- **What you have to do**
All of the data is to be written out again exactly, without the pictures.

- **Supplied records**
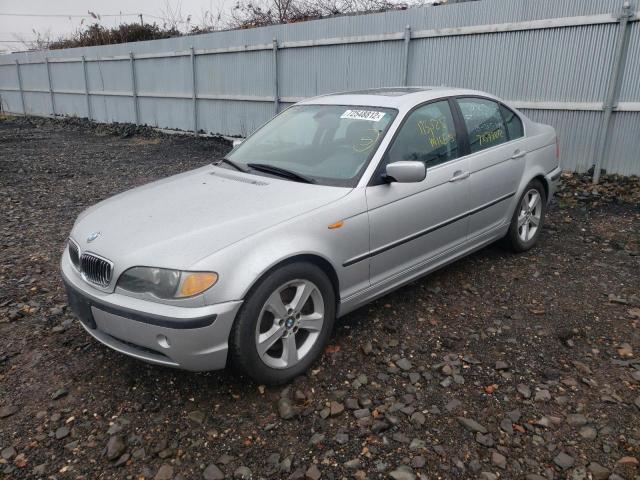 BMW 3 SERIES 2005 with VIN WBAEW53415PN39545 - Photo from auction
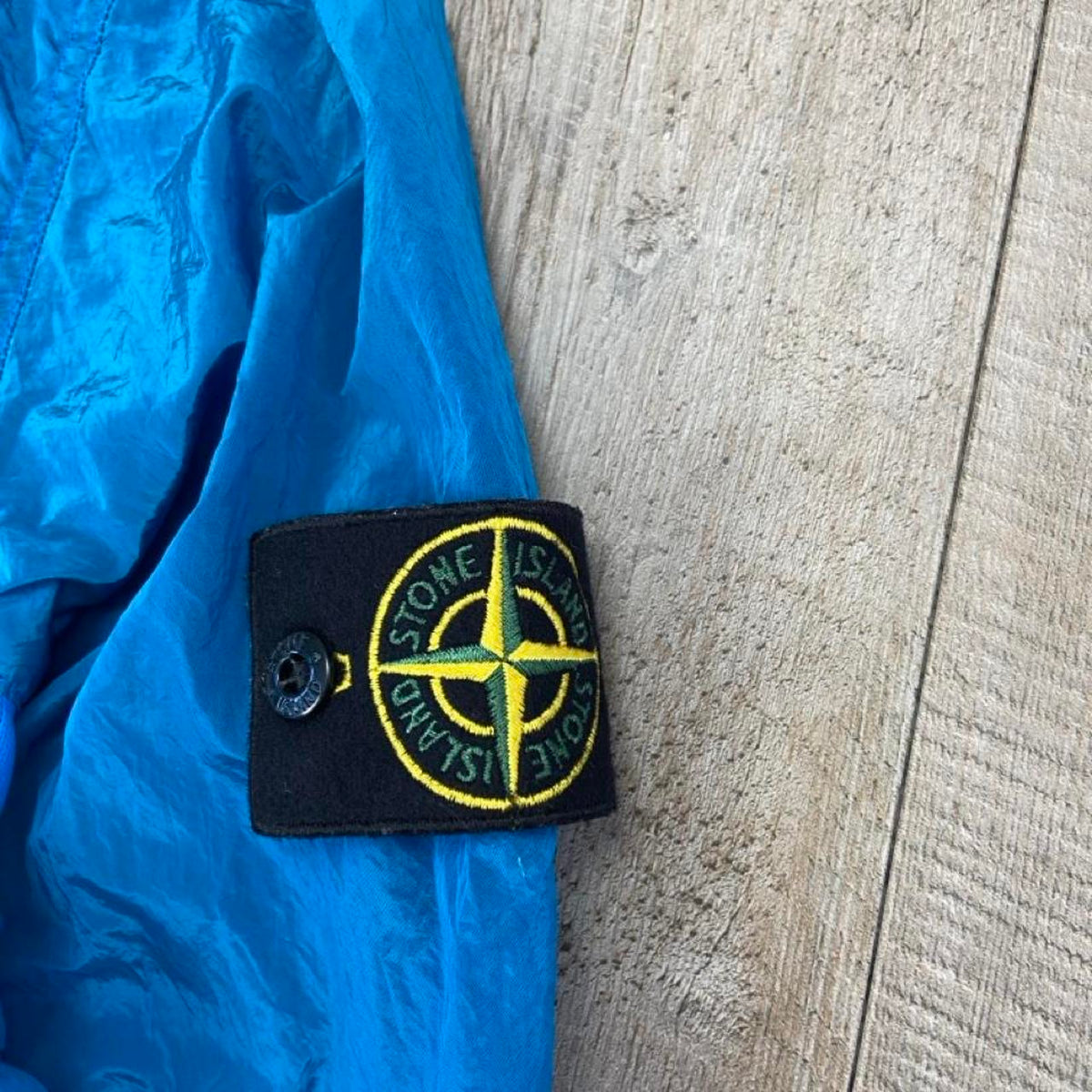 Stone Island Nylon Metal Overshirt - (XL)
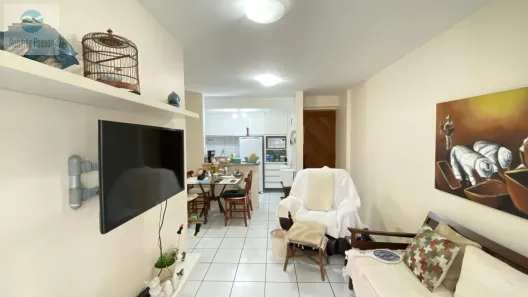 Apartamento com 3 Quartos à venda, 60m² no Meireles, Fortaleza
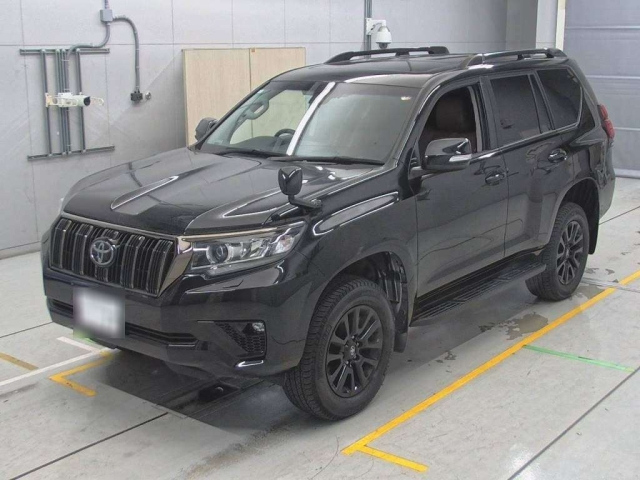 TOYOTA LAND CRUISER PRADO 2022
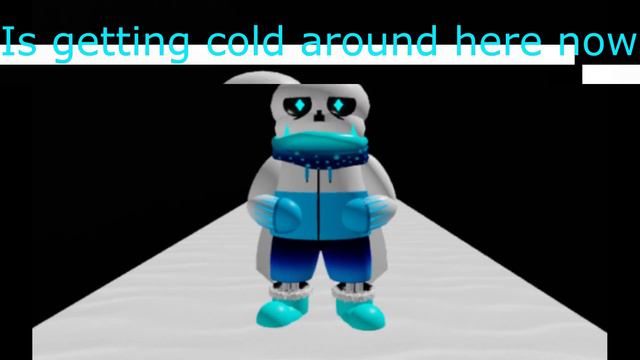 Undertale: Last Corridor Ice Sans Sneak Peak смотреть онлайн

- **Answer to this task**
 BMW 3 SERIES 2005 with VIN WBAEW53415PN39545 - Photo from auction
 Stone Island Nylon Metal Overshirt - (XL)
 Apartamento com 3 Quartos à venda, 60m² no Meireles, Fortaleza
 TOYOTA LAND CRUISER PRADO 2022
 Undertale: Last Corridor Ice Sans Sneak Peak смотреть онлайн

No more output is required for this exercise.